■ **INSTRUCTIONS TO FOLLOW**
Write down each entry again, exactly as it reads.

■ **DATA EXTRACT**
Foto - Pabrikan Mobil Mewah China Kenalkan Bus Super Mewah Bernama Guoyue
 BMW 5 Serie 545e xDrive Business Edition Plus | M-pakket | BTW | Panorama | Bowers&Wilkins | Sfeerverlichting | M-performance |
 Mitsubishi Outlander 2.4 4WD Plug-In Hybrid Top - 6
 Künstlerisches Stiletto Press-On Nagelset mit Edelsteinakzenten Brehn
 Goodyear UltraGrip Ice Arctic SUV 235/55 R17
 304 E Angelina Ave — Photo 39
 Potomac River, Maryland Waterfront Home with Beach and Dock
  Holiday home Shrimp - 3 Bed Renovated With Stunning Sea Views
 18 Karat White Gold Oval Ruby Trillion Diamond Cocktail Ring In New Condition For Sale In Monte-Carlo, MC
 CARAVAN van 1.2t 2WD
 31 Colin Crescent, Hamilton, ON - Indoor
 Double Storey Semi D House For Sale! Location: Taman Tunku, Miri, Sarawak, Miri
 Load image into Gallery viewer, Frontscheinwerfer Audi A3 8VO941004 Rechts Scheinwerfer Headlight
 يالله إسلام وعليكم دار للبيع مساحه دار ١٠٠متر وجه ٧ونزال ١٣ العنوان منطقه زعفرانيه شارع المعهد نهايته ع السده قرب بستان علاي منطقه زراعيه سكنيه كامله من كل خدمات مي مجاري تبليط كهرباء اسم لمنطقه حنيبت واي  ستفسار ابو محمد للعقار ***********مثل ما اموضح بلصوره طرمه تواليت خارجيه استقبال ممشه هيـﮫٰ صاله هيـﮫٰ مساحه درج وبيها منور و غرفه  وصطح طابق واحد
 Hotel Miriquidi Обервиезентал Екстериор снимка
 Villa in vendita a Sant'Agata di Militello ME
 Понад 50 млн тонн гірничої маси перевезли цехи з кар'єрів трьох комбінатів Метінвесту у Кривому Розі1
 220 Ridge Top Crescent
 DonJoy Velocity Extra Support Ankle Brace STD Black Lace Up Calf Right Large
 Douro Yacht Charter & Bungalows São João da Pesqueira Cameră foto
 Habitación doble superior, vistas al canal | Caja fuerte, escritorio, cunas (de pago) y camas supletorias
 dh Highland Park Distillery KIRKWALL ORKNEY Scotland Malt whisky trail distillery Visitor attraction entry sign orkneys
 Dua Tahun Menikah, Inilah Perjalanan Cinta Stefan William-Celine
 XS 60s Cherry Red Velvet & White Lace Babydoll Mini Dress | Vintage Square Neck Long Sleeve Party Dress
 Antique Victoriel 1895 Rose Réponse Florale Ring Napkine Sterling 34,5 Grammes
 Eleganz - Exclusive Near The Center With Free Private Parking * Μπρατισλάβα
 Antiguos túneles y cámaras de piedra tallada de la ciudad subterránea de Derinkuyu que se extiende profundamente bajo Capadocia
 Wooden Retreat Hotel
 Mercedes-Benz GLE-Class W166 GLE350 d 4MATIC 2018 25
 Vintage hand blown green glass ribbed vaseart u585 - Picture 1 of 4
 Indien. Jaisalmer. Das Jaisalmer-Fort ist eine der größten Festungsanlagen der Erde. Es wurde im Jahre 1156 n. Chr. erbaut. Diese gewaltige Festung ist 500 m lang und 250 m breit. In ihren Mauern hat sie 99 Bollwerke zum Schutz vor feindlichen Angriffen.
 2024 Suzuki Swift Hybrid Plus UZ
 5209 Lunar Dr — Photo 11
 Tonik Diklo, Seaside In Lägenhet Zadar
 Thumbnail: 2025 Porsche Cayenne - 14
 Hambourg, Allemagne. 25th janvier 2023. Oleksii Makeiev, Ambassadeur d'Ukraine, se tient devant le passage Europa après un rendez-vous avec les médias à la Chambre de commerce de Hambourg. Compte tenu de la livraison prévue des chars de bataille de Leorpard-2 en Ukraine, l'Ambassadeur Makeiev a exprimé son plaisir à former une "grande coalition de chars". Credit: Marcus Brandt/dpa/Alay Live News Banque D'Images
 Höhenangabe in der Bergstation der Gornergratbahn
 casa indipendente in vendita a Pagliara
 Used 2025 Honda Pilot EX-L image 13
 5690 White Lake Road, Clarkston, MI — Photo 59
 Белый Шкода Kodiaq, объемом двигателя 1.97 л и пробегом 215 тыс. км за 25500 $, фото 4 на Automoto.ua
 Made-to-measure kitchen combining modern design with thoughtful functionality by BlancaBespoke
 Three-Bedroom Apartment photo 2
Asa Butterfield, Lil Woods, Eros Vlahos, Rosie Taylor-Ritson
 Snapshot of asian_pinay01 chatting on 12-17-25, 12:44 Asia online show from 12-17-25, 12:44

■ **REPLY**
Foto - Pabrikan Mobil Mewah China Kenalkan Bus Super Mewah Bernama Guoyue
 BMW 5 Serie 545e xDrive Business Edition Plus | M-pakket | BTW | Panorama | Bowers&Wilkins | Sfeerverlichting | M-performance |
 Mitsubishi Outlander 2.4 4WD Plug-In Hybrid Top - 6
 Künstlerisches Stiletto Press-On Nagelset mit Edelsteinakzenten Brehn
 Goodyear UltraGrip Ice Arctic SUV 235/55 R17
 304 E Angelina Ave — Photo 39
 Potomac River, Maryland Waterfront Home with Beach and Dock
  Holiday home Shrimp - 3 Bed Renovated With Stunning Sea Views
 18 Karat White Gold Oval Ruby Trillion Diamond Cocktail Ring In New Condition For Sale In Monte-Carlo, MC
 CARAVAN van 1.2t 2WD
 31 Colin Crescent, Hamilton, ON - Indoor
 Double Storey Semi D House For Sale! Location: Taman Tunku, Miri, Sarawak, Miri
 Load image into Gallery viewer, Frontscheinwerfer Audi A3 8VO941004 Rechts Scheinwerfer Headlight
 يالله إسلام وعليكم دار للبيع مساحه دار ١٠٠متر وجه ٧ونزال ١٣ العنوان منطقه زعفرانيه شارع المعهد نهايته ع السده قرب بستان علاي منطقه زراعيه سكنيه كامله من كل خدمات مي مجاري تبليط كهرباء اسم لمنطقه حنيبت واي  ستفسار ابو محمد للعقار ***********مثل ما اموضح بلصوره طرمه تواليت خارجيه استقبال ممشه هيـﮫٰ صاله هيـﮫٰ مساحه درج وبيها منور و غرفه  وصطح طابق واحد
 Hotel Miriquidi Обервиезентал Екстериор снимка
 Villa in vendita a Sant'Agata di Militello ME
 Понад 50 млн тонн гірничої маси перевезли цехи з кар'єрів трьох комбінатів Метінвесту у Кривому Розі1
 220 Ridge Top Crescent
 DonJoy Velocity Extra Support Ankle Brace STD Black Lace Up Calf Right Large
 Douro Yacht Charter & Bungalows São João da Pesqueira Cameră foto
 Habitación doble superior, vistas al canal | Caja fuerte, escritorio, cunas (de pago) y camas supletorias
 dh Highland Park Distillery KIRKWALL ORKNEY Scotland Malt whisky trail distillery Visitor attraction entry sign orkneys
 Dua Tahun Menikah, Inilah Perjalanan Cinta Stefan William-Celine
 XS 60s Cherry Red Velvet & White Lace Babydoll Mini Dress | Vintage Square Neck Long Sleeve Party Dress
 Antique Victoriel 1895 Rose Réponse Florale Ring Napkine Sterling 34,5 Grammes
 Eleganz - Exclusive Near The Center With Free Private Parking * Μπρατισλάβα
 Antiguos túneles y cámaras de piedra tallada de la ciudad subterránea de Derinkuyu que se extiende profundamente bajo Capadocia
 Wooden Retreat Hotel
 Mercedes-Benz GLE-Class W166 GLE350 d 4MATIC 2018 25
 Vintage hand blown green glass ribbed vaseart u585 - Picture 1 of 4
 Indien. Jaisalmer. Das Jaisalmer-Fort ist eine der größten Festungsanlagen der Erde. Es wurde im Jahre 1156 n. Chr. erbaut. Diese gewaltige Festung ist 500 m lang und 250 m breit. In ihren Mauern hat sie 99 Bollwerke zum Schutz vor feindlichen Angriffen.
 2024 Suzuki Swift Hybrid Plus UZ
 5209 Lunar Dr — Photo 11
 Tonik Diklo, Seaside In Lägenhet Zadar
 Thumbnail: 2025 Porsche Cayenne - 14
 Hambourg, Allemagne. 25th janvier 2023. Oleksii Makeiev, Ambassadeur d'Ukraine, se tient devant le passage Europa après un rendez-vous avec les médias à la Chambre de commerce de Hambourg. Compte tenu de la livraison prévue des chars de bataille de Leorpard-2 en Ukraine, l'Ambassadeur Makeiev a exprimé son plaisir à former une "grande coalition de chars". Credit: Marcus Brandt/dpa/Alay Live News Banque D'Images
 Höhenangabe in der Bergstation der Gornergratbahn
 casa indipendente in vendita a Pagliara
 Used 2025 Honda Pilot EX-L image 13
 5690 White Lake Road, Clarkston, MI — Photo 59
 Белый Шкода Kodiaq, объемом двигателя 1.97 л и пробегом 215 тыс. км за 25500 $, фото 4 на Automoto.ua
 Made-to-measure kitchen combining modern design with thoughtful functionality by BlancaBespoke
 Three-Bedroom Apartment photo 2
Asa Butterfield, Lil Woods, Eros Vlahos, Rosie Taylor-Ritson
 Snapshot of asian_pinay01 chatting on 12-17-25, 12:44 Asia online show from 12-17-25, 12:44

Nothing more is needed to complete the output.